Before you write out the listing, remove the pictures; everything else stays exactly as it is.

▶ [DATA SECTION]:
------------------------------------------------

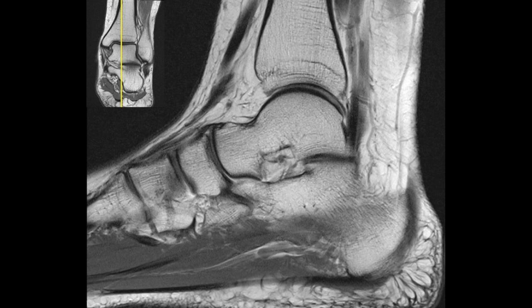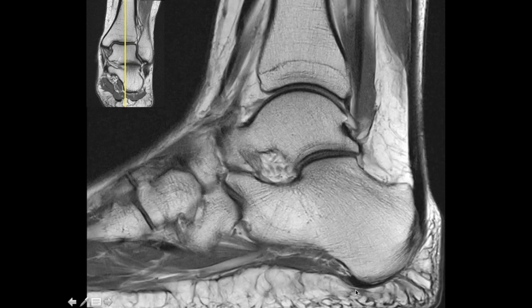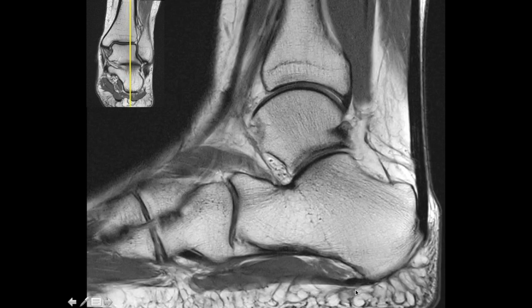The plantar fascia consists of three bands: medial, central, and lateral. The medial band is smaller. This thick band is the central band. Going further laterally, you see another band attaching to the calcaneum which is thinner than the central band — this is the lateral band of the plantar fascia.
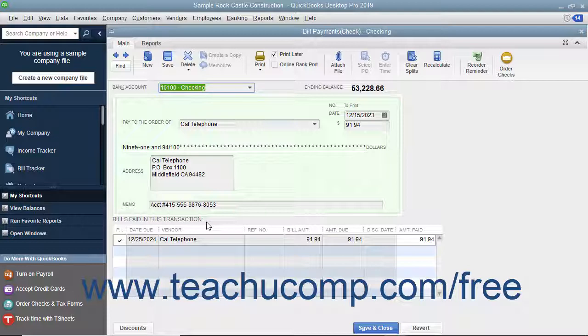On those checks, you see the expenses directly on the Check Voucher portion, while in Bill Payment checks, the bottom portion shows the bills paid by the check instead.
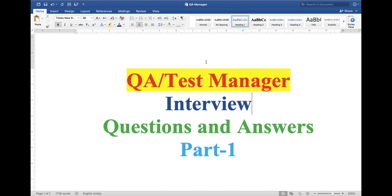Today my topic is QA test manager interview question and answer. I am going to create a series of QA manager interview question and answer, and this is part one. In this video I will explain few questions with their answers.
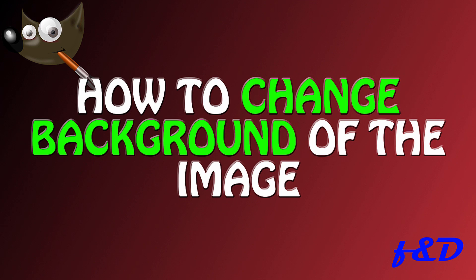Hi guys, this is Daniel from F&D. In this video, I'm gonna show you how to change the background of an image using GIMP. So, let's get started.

------------------------------------------------

▶ [EXERCISE RESULT]:
The plantar fascia consists of three bands: medial, central, and lateral. The medial band is smaller. This thick band is the central band. Going further laterally, you see another band attaching to the calcaneum which is thinner than the central band — this is the lateral band of the plantar fascia.
On those checks, you see the expenses directly on the Check Voucher portion, while in Bill Payment checks, the bottom portion shows the bills paid by the check instead.
Today my topic is QA test manager interview question and answer. I am going to create a series of QA manager interview question and answer, and this is part one. In this video I will explain few questions with their answers.
Hi guys, this is Daniel from F&D. In this video, I'm gonna show you how to change the background of an image using GIMP. So, let's get started.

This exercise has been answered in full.